RE: 88E winter season and what now?6 Apr 2022 16:52
(Part 5)
So, how to apply an objective investor’s capital in a logical fashion? Looking at 88E, the market is valuing Project Icewine as follows: 88E mkt cap minus cash on the balance sheet minus the value of the Texas asset, so US$167m mkt cap minus cash on balance sheet right now (is US$24m fair? Anyone? Do we know if there were any cash outgoings over and above shares issued to service providers in lieu of cash payments over the winter season?) minus Texas value (call it $12m after the rise in oil price over the ownership period v’s $10m paid?). Thus, the market is valuing Icewine at US$131m approx. Remember, no value is being ascribed to either Yukon or Umiat/Peregrine.
The NN’s mkt cap today is $1.3bn. The CB is in the money so I’m not adding the debt portion to the EV calculation, ok?
So very, very roughly, the market is valuing Icewine + Talitha + Alkaid + Theta West at US$1.43bn, ascribing 91% of the value of the asset to the NN and 9% to 88E. Eagle-eyed readers will perhaps recall that for the purposes of comparative valuation, I was happy to work with a 90:10 ratio by value. So, on first glance the market looks to have got it just about right. Yes?

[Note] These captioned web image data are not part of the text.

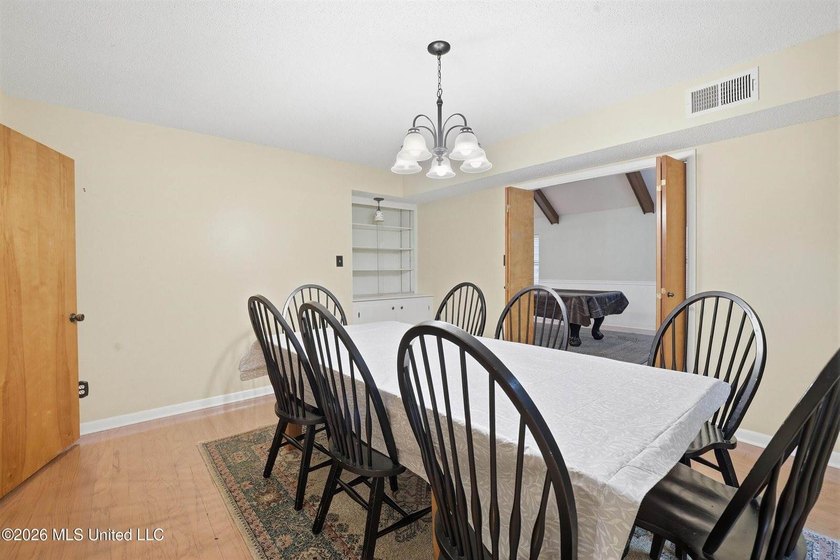Coastal living meets spacious luxury in this 6-bedroom, 4-bath - photo 22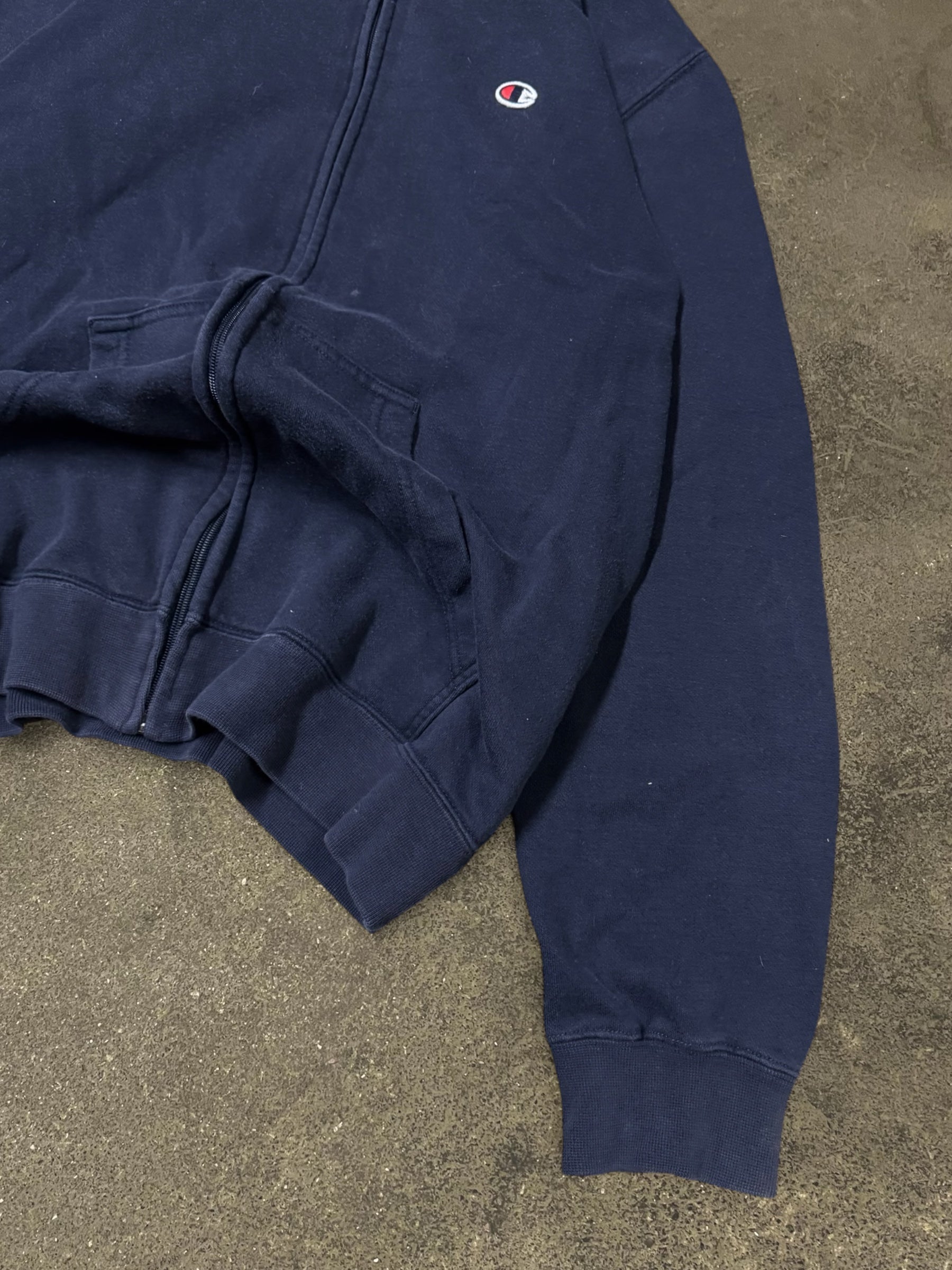 VINTAGE CHAMPION ZIP-UP HOODIE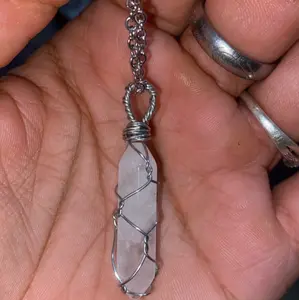 Clear quartz point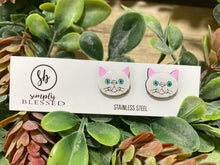 Load image into Gallery viewer, Cat Stud Earrings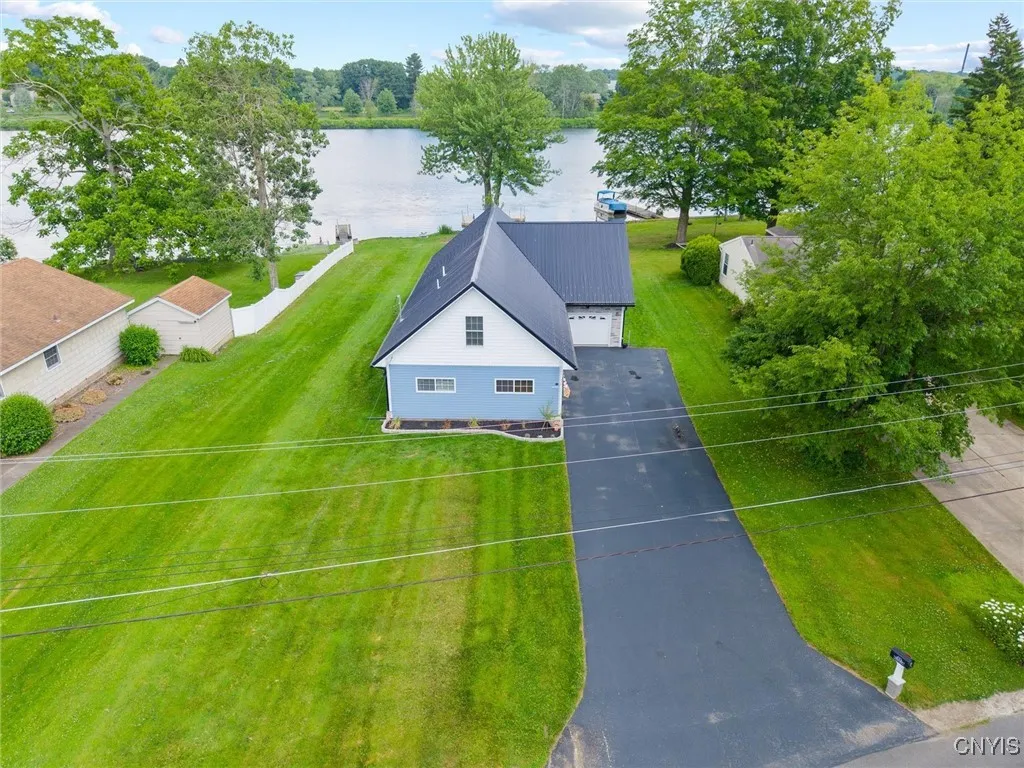 Spacious  lot- Easy commute to Oswego or Syr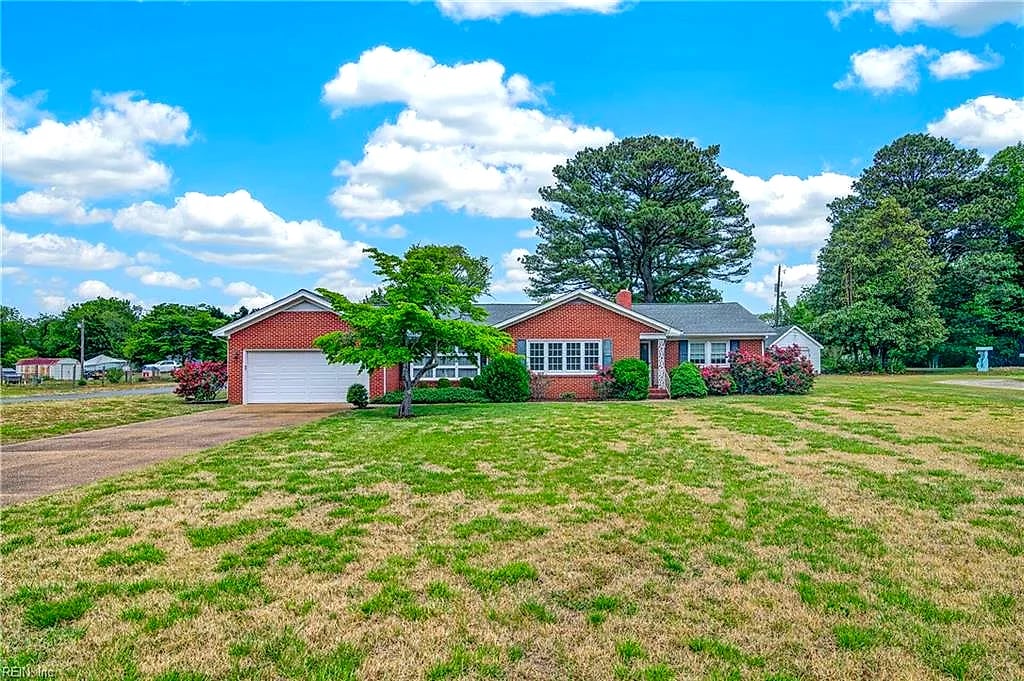 6743 Williams Landing RD, Hayes — 3 bed Residential, 1,721 sqft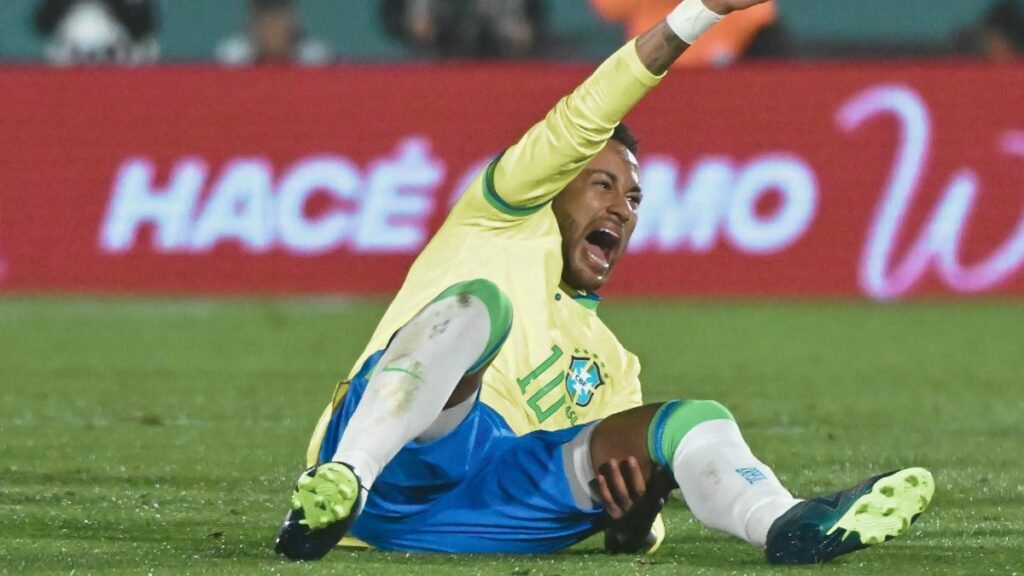 Following yet another injury against Uruguay a day ago, Neymar Jr is once again all set to face a substantial time off pitch. The 31-year-old has remained injury prone throughout his career and has mostly sustained Ankle or Foot injuries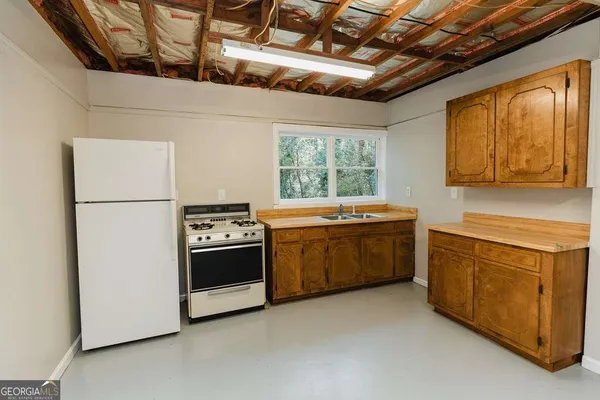 $469,900 | 190 Fairlawn Drive, Carrollton, GA 30117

Actually, no. Firstly I reckon the ratio by value will end up being closer to 95:5 or 97:3 but it would be churlish to demand we all work with an amended ratio right now. But please keep it in the memory banks for the future. Secondly, in order to assess the respective upside risk an equity analyst must make a more subjective judgement about a company’s ability to deliver and execute the work required, and finance it, in order to achieve the objective of providing sufficient empirical evidence that debt providers (banks) or the sector (O&G companies) put up the cash to fund the development of the asset(s).
Here, there is a clear leader. PANR/GB spent $80m on 3D seismic and a further $150-200m on drilling and testing operations on the shared asset. As a result, its data collection and interpretation is, quite literally, two maybe three winter seasons ahead of 88E. In addition, is there anyone on this forum who would seriously argue the cost of capital/access to capital is going to be lower/easier in the next period for 88E v’s that of its NN?
Personal opinion? Once again, it leaves me assessing 88E’s mkt cap is too high today or that of the NN is too low. Probably a combination of the two.
What would the objective investor do if he had £100 to invest? Does he or she know better than the market? Surely the objective investor invests £90 in one equity and £10 in the other? I just don’t see any leverage in backing the minnow? Why buy a seat in the gods when a front row seat in the stalls is the same price? I’ll leave it to each individual reader to pick which one is which. /ends
PS I'm not charlotte. I'm scot126 here and the other place. End of.